What to produce:
Please reproduce the line containing "Eurofase Havendale 8-Light" and every line after it in the records below, exactly and with nothing else.

*** Begin section ***

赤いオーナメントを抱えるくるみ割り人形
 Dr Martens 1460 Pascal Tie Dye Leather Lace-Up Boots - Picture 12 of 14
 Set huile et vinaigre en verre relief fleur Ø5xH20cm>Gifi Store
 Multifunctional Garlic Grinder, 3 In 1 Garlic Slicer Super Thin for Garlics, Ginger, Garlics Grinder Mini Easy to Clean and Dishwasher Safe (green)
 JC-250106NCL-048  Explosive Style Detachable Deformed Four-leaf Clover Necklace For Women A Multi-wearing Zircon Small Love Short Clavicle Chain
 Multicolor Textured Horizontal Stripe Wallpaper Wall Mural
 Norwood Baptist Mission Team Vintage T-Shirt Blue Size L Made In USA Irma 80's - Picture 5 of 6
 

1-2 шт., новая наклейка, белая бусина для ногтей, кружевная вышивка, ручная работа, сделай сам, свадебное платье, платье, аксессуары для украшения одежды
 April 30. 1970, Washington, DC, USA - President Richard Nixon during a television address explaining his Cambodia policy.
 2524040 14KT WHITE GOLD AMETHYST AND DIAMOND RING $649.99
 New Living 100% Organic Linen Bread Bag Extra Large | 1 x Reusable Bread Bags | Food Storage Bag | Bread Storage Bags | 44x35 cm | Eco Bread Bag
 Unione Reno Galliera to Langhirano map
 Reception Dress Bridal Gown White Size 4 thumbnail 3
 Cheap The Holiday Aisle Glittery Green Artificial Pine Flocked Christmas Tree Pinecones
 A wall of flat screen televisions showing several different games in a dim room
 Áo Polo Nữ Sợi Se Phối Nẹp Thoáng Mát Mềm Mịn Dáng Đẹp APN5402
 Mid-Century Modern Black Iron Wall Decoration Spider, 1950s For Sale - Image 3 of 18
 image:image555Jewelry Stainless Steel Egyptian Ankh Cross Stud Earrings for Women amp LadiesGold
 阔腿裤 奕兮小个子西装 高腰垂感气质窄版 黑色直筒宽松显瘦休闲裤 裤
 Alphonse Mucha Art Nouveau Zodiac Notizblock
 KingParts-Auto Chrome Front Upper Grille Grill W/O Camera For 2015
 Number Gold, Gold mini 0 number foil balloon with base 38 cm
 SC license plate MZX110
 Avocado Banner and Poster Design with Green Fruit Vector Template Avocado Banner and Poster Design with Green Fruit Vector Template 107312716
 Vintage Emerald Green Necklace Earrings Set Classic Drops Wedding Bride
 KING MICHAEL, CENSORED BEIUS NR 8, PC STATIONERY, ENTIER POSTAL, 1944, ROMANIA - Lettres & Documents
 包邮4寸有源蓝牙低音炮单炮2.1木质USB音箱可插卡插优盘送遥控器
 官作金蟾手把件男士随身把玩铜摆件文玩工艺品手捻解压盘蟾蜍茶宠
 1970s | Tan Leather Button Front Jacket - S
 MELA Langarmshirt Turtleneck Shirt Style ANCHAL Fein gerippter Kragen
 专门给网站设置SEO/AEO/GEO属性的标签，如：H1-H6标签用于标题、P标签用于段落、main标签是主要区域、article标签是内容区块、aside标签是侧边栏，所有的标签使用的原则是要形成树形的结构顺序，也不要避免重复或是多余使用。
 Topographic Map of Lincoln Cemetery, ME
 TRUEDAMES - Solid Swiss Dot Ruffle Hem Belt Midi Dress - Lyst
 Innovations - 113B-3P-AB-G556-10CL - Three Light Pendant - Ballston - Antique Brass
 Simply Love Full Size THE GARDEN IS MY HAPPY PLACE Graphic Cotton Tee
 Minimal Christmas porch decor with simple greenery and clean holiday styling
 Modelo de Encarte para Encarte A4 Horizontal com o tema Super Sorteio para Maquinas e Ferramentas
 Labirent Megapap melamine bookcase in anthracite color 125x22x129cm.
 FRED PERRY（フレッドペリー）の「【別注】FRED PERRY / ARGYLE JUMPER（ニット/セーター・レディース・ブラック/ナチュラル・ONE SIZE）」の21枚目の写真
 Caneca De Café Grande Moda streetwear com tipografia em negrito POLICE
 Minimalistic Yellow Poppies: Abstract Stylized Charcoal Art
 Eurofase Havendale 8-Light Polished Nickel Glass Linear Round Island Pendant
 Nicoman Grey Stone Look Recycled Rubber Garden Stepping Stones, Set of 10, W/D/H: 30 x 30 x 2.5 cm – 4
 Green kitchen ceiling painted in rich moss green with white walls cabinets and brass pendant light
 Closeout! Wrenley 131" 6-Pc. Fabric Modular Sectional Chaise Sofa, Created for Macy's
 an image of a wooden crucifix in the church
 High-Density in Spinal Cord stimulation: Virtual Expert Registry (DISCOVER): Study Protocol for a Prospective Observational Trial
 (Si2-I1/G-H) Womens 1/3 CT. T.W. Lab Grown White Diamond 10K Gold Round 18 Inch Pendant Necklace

*** End section ***

Output for this task:
 Eurofase Havendale 8-Light Polished Nickel Glass Linear Round Island Pendant
 Nicoman Grey Stone Look Recycled Rubber Garden Stepping Stones, Set of 10, W/D/H: 30 x 30 x 2.5 cm – 4
 Green kitchen ceiling painted in rich moss green with white walls cabinets and brass pendant light
 Closeout! Wrenley 131" 6-Pc. Fabric Modular Sectional Chaise Sofa, Created for Macy's
 an image of a wooden crucifix in the church
 High-Density in Spinal Cord stimulation: Virtual Expert Registry (DISCOVER): Study Protocol for a Prospective Observational Trial
 (Si2-I1/G-H) Womens 1/3 CT. T.W. Lab Grown White Diamond 10K Gold Round 18 Inch Pendant Necklace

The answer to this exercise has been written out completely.